Viele Betroffene müssen aktuell bei eisigen Temperaturen in Zelten schlafen. Foto: Städtepartnerschaft Friedrichshain-Kreuzberg – Dêrik e.V.

Die Katastrophe kam mit Ansage. Bauvorschriften wurden dennoch ignoriert, für den Erdbebenschutz gedachte Gelder sind nebulös versickert. Womöglich für militärische Zwecke.

Die Erdbebenkatastrophe in der Südosttürkei und Nordwestsyrien hat eine seit Jahrzehnten vernachlässigte Region getroffen. Inzwischen wurden mehr als 24.000 Todesopfer gezählt. Mehrere Beben ließen am vergangenen Montag tagsüber mehrere Hochhäuser wie Kartenhäuser zusammenfallen. Die türkische Provinz Hatay, wie auch die seit 2018 türkisch besetzten Gebiete in Nordwestsyrien, Afrin und Idlib, hat es besonders schwer getroffen.

Obwohl diese Region – wie auch Istanbul im Westen der Türkei – zu den am meisten von Erdbeben bedrohten Gebieten gehört, ist seit der Katastrophe im Großraum Istanbul 1999 wenig in Sachen Prävention wenig passiert.

Fehlende Kontrollen im Baubereich

Erdbeben an den Bruchkanten tektonischer Platten lassen sich nicht verhindern, wohl aber die verheerenden Ausmaße mit Zehntausenden Toten, Verletzten und Obdachlosen. Eigentlich gibt es Vorgaben in den Bauverordnungen, die Neubauten erdbebensicher machen sollen.

Doch durch das mafiöse Netzwerk der Regierungspartei AKP im Bausektor können Bauunternehmer bis heute Hochhäuser ohne behördliche Prüfung auf Erdbebensicherheit bauen. Einzig die Profitorientierung zählt, nicht die Sicherheit der Bevölkerung. Viele Menschen in der Türkei fragen sich jetzt, wo denn die Gelder der vor 20 Jahren erhobenen Erdbebensteuer geblieben sind – in den Häusern der Erdbebenregion stecken sie jedenfalls nicht.

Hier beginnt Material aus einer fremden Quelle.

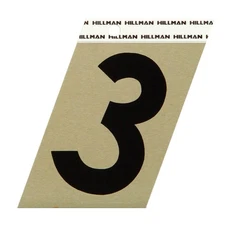 Hillman 3 in. Reflective Black Vinyl Self-Adhesive Number 3 (3-pack)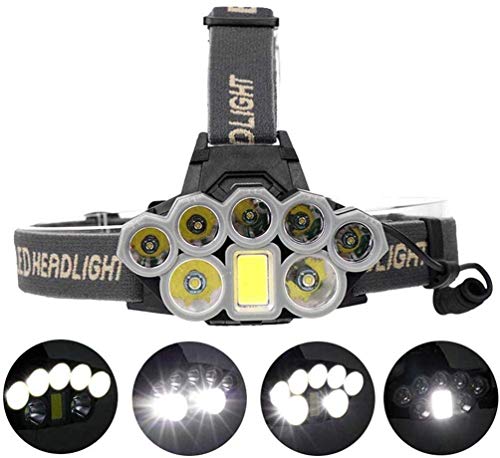 LUHUIYUAN LED 90000 Lumens Lampe Frontale, Lampe de Poche Rechargeable USB LED Super Bright phares tête de la Torche Lampe Torche d'extérieur Phare Casque Lumière pour Camping Randonnée Chasse Pêche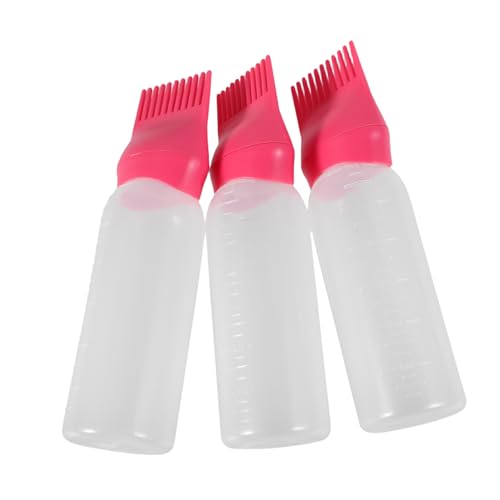 FOMIYES 3pcs Hair Applicator Bottle Root Comb for Salon Home Use Easy to Use Clean Ldpe Material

Der Geowissenschaftler Prof. Dr. Naci Görür warnte mit anderen Wissenschaftlern schon seit Jahren vor einem schweren Erdbeben in der Region. Wie er in einem Interview mit Fox TV [1] berichtete, hatte er zusammen mit anderen Wissenschaftlern ein Projekt zum Schutz der Bevölkerung in Bingöl, Elazığ, Malatya, Adıyaman und Maraş und zur Verhütung von Erdbebenopfern für die "ostanatolische Verwerfungslinie", wie das Gebiet bei Kahramanmaraş unter Geologen genannt wird, vorgelegt.

Das staatliche Planungsamt des Entwicklungsministeriums (DPT) sowie die türkische Anstalt für Wissenschaftliche und Technologische Forschung (Tübitak) lehnten ab. Ein lokaler Verwaltungsbeamter wischte die Warnungen mit dem Satz "Was erzählen Sie denn da" vom Tisch.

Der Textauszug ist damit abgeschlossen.